**WHAT YOU HAVE TO DO:** Without pictures, output exactly the lines running from the line containing "You have the" to the end of the listing below.

**AVAILABLE DATA:**
+++

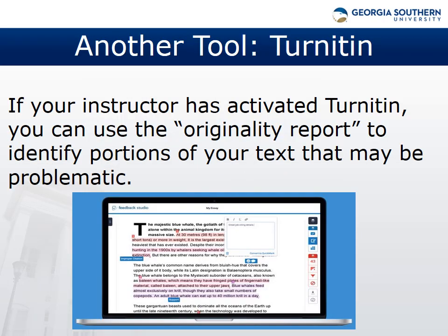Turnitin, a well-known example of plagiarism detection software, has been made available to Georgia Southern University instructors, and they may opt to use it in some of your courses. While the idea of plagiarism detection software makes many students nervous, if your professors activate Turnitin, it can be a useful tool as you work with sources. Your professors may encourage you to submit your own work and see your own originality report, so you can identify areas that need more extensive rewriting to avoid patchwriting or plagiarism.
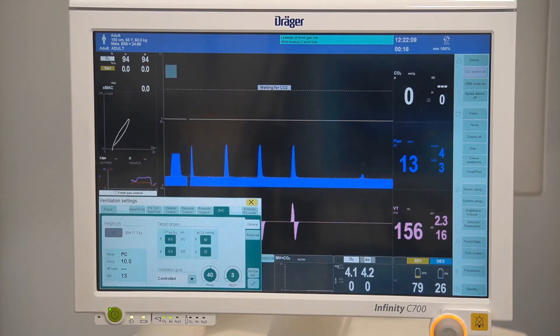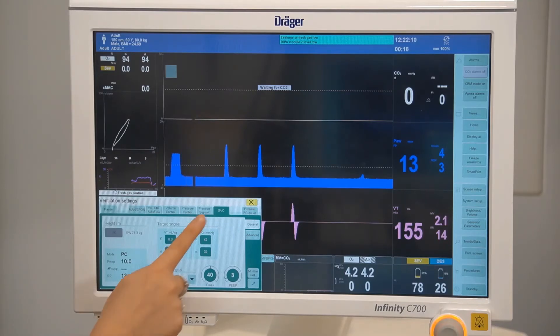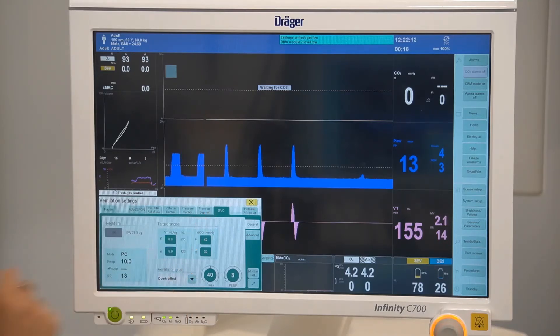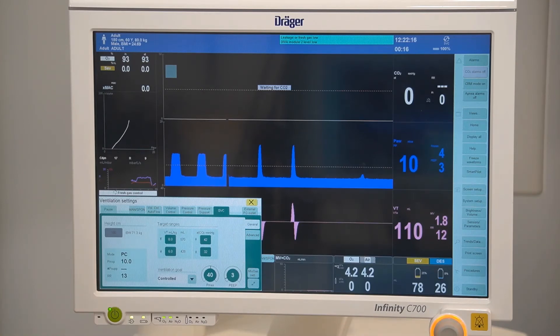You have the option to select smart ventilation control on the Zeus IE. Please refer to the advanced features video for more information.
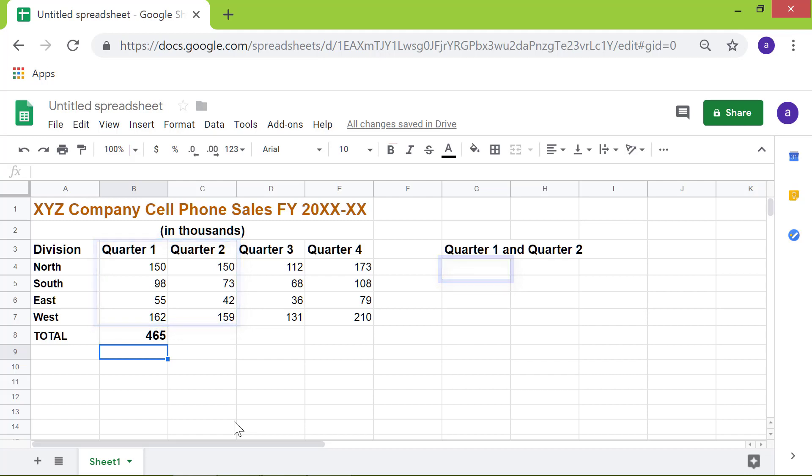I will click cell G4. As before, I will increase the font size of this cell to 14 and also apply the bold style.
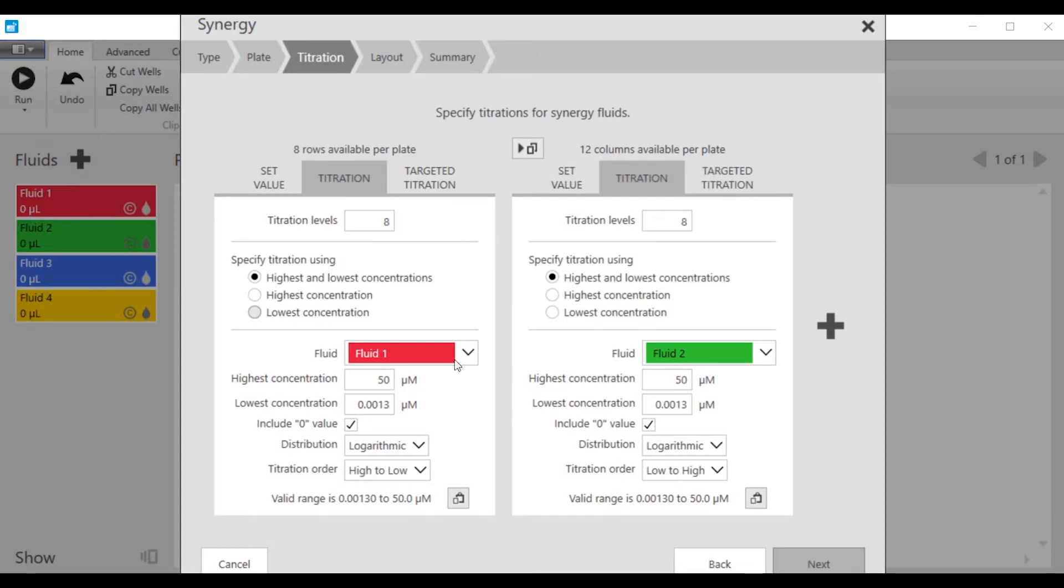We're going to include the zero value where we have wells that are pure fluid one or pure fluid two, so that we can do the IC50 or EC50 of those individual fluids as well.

+++

**SOLUTION BELOW:**
You have the option to select smart ventilation control on the Zeus IE. Please refer to the advanced features video for more information.
I will click cell G4. As before, I will increase the font size of this cell to 14 and also apply the bold style.
We're going to include the zero value where we have wells that are pure fluid one or pure fluid two, so that we can do the IC50 or EC50 of those individual fluids as well.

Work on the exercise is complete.